Three men, including two ex-Marines, have been charged with the manufacture, possession, and distribution of guns, ammunition and accessories. One of them was tied through court documents to an unspecified terrorism-related count, and, according to a senior law enforcement official, had ties to extremist groups and a “list” of names but would not characterize it further.
Alicia Garza, co-founder of Black Lives Matter, tweeted Friday that she was informed by the FBI that her name was on a list obtained during an investigation connected to the arrest of a Boise, Idaho, man affiliated with white supremacist groups.
Garza in a tweet said the FBI told her “they arrested a man in Idaho on weapons charges who they believe was affiliated with white supremacist groups. They found my name on a list in his home, alongside others.”
The FBI declined direct comment on any of those details and would not discuss the scope of its investigation, the name of the suspect, alleged ties to extremist groups or the list Garza referenced.
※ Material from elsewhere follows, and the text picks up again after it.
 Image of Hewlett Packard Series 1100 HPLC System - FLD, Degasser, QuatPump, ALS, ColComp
The agency noted it “routinely notifies individuals and organizations of information collected during the course of an investigation that may be perceived as potentially threatening in nature … and to assist them in taking proper steps to ensure their safety.”
Jordan Duncan, 25, identified in a Department of Justice news release about the gun case, was also recently charged in U.S. District Court in Boise with sex trafficking of children and terrorism transcending national boundaries. There was no mention of those counts during a detention hearing in Boise on Tuesday where a judge ruled that Duncan could be transferred to face charges with the two other co-conspirators related to the weapons charges, in the Eastern District of North Carolina.
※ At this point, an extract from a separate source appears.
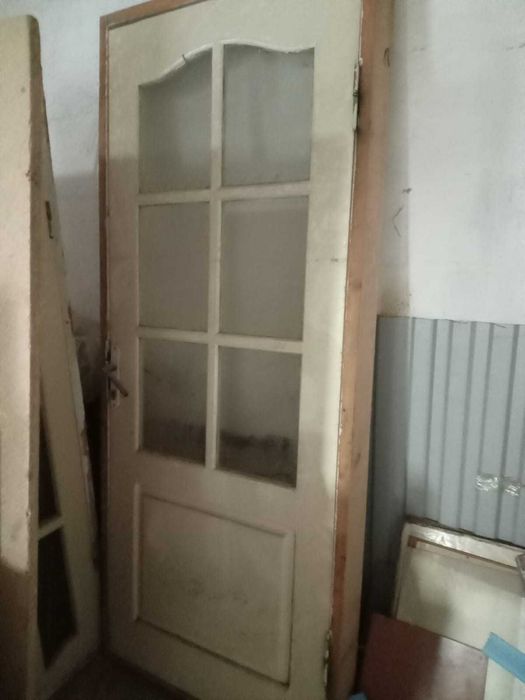 Двери б/у недорого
Paul James Kryscuk, 35, also waived his right to a detention hearing and will be transported to North Carolina by U.S. Marshals
Kryscuk and Liam Montgomery Collins, 21, were charged with three counts including conspiracy to manufacture firearms and ship them interstate, interstate transportation of firearms without a license, and interstate transportation of a firearm not registered as required.
The men sought to “unlawfully enrich themselves and others, by among other things, manufacturing and selling hard to obtain firearms and firearm parts in a manner that the ‘government would not know’ the purchasers had them,” the indictment stated.
The documents allege that since May 2019, Collins has made multiple money transfers through his personal account to Kryscuk to purchase firearms, including a 9mm pistol and suppressor and a short barrel rifle. Kryscuk is accused of purchasing items from vendors to manufacture firearms and suppressors. Officials say that he then mailed the weapons from Idaho to Jacksonville, North Carolina. Kryscuk also shipped the short barrel rifle, not registered as required by the federal government, to Collins. Duncan was aware of and participated in the conspiracy.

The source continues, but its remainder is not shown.